Hace un tiempo, en la esquina de
Pérez Galdós y Almirante Brown estaba La Farola de la Boca; hoy el modelo
económico imperante se la ha cargado y ahora hay okupas que cada tanto salen en
la tele cuando están por ser desalojados. Ya llegamos a la calle Pinzón y
tenemos que doblar a la derecha; a esta
altura, se han terminado los bares; si uno tiene ganas de saborear el cafeto,
tendrá que esperar a ingresar al Templo del Fútbol.

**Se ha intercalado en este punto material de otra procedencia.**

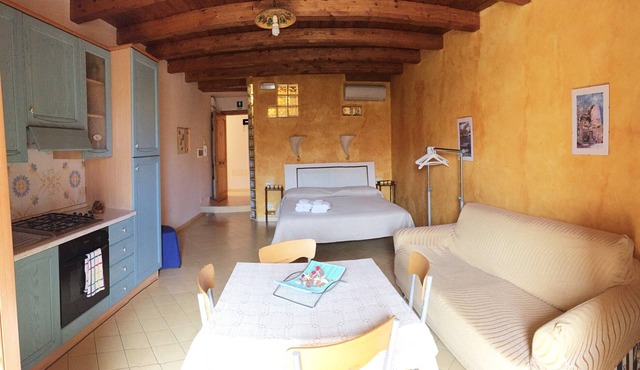B&B Casa Vela - Studio Veliero with balcony overlooking the Borgo
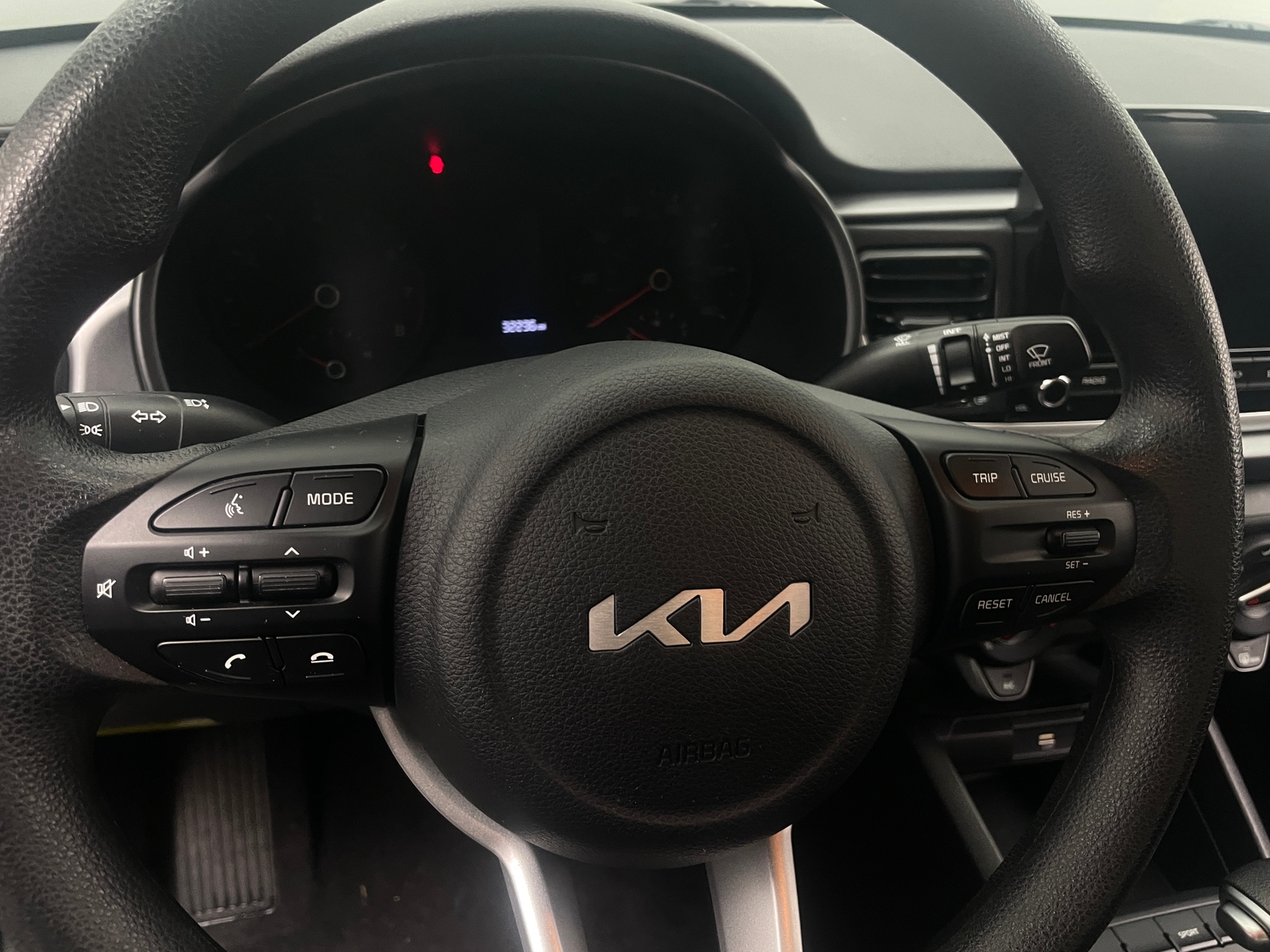 Thumbnail: 2022 Kia Rio - 5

Sin embargo, un buen buscador de
café, como sería el “Google” de los reductos cafeteros, busca y encuentra. Y
así lo hice; recorrí los kioscos de las inmediaciones y, en medio de los
muchachos que piden birra, vino, tetra y porrón, empecé a preguntar si
preparaban café. En algunos lugares me
dijeron “no” con sólo mirarme; en otros me respondieron mirándome como
si yo fuera un AVATAR.
Hasta que di con el lugar
acertado. Un pequeño kiosco que está en la ventana de una casa; tiene una reja
marrón y un cartel que dice “no se venden cigarrillos”, como educando a la
parcialidad boquense. Una señora muy atenta me atendió y respondió
afirmativamente a mi pregunta que, a esa altura, ya iba con pocas pilas, con
dejo de bajón.
-
Lo quiere sólo o cortado, pregunta la señora.
-
Solo, respondo.
-
Con crema, pregunta.
-
No, solo, respondo.
-
Con azúcar o edulcorante, sigue el cuestionario
básico de la venta de un café.
-
Edulcorante.
-
Ahora se lo traigo, dice ella.
Miro a mí alrededor; hay gente
que camina hacia Brandsen, otros con rumbo Casa Amarilla; la Boca es así, mucha
gente por todos lados y todos caminan para lugares distintos. Cada uno sabe muy bien adónde va.
-
Aquí está su cafecito.
-
¿Cuánto es?
-
Seis pesos.
-
Bárbaro, gracias.
Agarro el vasito y veo que el
café está en movimiento, hace círculos; es como que la señora lo traía
revolviendo para entregármelo. Qué buen café, pensé; qué aroma, sentí. Miré los
círculos que hacía cada vuelta del café y vi que en medio de los círculos
concéntricos que se formaban en cada giro, había dos cositas verdes
chiquititas. Seguí con la vista esas cositas estudiándolas para saber qué eran.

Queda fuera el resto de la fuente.